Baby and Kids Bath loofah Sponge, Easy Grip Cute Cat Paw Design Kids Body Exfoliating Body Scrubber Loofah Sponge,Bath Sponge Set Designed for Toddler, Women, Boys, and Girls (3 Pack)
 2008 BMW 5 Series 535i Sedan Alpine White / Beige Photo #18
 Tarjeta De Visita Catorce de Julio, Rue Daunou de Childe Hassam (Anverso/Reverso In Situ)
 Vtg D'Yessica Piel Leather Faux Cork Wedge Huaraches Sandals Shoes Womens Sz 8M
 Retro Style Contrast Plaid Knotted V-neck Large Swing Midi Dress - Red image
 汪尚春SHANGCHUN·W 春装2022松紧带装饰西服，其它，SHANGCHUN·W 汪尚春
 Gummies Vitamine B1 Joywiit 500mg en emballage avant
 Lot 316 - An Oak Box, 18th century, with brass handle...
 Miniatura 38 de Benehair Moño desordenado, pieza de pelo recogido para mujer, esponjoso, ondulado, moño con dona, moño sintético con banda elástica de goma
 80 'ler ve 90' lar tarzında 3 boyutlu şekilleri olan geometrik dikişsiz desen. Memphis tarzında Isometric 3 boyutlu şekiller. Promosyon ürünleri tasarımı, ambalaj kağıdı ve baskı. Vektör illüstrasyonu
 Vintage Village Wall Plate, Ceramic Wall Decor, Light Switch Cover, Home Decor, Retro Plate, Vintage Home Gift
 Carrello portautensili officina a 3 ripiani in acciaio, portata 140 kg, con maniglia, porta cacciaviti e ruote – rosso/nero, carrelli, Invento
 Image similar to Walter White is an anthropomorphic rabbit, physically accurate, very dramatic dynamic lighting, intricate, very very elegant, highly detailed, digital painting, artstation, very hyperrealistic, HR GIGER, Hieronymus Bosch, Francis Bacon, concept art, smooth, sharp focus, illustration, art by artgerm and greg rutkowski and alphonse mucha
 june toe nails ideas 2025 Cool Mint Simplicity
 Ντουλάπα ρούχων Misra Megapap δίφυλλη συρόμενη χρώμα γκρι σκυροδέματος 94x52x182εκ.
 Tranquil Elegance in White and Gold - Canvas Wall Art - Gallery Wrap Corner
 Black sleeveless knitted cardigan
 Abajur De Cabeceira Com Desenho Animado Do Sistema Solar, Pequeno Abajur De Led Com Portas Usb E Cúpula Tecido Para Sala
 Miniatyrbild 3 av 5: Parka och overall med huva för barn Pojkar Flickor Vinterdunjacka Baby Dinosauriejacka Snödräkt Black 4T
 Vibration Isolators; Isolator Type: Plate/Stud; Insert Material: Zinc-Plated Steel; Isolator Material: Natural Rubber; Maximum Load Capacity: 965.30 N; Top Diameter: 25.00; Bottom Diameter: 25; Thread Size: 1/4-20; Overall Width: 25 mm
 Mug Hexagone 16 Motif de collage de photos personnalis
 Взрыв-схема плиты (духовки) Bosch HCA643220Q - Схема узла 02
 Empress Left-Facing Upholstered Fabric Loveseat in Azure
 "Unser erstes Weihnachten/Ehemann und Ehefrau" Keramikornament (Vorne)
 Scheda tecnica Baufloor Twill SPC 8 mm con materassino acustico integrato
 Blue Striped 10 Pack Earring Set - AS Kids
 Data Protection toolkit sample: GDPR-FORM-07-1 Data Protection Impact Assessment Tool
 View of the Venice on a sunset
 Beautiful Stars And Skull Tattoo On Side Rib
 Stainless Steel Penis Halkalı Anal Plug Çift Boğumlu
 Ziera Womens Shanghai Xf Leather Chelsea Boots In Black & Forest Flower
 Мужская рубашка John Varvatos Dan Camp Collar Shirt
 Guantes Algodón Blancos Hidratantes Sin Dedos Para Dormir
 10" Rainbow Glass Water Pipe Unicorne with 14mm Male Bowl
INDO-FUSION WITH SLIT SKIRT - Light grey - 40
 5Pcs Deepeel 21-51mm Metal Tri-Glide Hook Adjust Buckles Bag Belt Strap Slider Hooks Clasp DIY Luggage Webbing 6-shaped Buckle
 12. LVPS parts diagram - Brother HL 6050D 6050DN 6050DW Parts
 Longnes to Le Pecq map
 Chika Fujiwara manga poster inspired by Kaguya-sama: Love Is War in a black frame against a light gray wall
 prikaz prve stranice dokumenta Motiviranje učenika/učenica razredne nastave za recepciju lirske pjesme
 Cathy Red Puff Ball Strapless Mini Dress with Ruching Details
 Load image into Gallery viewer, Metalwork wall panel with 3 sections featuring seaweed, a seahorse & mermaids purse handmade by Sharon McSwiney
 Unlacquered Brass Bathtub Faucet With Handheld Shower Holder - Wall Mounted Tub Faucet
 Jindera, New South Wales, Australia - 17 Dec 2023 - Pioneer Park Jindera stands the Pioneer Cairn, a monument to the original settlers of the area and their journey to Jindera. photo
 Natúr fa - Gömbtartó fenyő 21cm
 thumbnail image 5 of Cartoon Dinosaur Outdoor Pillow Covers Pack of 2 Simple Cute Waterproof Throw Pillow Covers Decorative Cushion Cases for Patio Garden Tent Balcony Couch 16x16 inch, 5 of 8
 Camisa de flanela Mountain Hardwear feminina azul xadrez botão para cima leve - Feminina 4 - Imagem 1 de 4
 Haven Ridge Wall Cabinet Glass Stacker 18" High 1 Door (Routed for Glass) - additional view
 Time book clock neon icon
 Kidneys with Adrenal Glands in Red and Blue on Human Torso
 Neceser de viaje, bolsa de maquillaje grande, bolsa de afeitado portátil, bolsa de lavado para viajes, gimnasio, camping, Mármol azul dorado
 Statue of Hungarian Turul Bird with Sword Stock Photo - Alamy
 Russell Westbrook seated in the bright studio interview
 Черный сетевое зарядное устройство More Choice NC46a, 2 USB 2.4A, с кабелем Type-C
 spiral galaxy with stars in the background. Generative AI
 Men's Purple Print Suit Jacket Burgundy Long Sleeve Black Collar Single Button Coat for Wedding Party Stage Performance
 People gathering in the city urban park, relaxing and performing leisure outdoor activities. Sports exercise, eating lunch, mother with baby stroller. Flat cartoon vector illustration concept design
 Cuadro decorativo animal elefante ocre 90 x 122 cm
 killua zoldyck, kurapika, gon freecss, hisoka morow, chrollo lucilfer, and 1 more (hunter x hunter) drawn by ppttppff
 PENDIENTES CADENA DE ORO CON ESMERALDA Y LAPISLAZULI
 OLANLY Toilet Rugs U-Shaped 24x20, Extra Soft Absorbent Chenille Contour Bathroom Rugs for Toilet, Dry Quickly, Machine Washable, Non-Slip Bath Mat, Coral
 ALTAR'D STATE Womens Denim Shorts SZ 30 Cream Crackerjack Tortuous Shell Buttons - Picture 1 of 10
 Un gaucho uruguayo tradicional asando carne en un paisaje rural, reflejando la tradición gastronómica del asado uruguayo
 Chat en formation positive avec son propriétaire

INSTRUCTIONS FOR THE TASK: Write out every line from the data above that includes "Steel".

ANSWER AREA:
 Vibration Isolators; Isolator Type: Plate/Stud; Insert Material: Zinc-Plated Steel; Isolator Material: Natural Rubber; Maximum Load Capacity: 965.30 N; Top Diameter: 25.00; Bottom Diameter: 25; Thread Size: 1/4-20; Overall Width: 25 mm
 Stainless Steel Penis Halkalı Anal Plug Çift Boğumlu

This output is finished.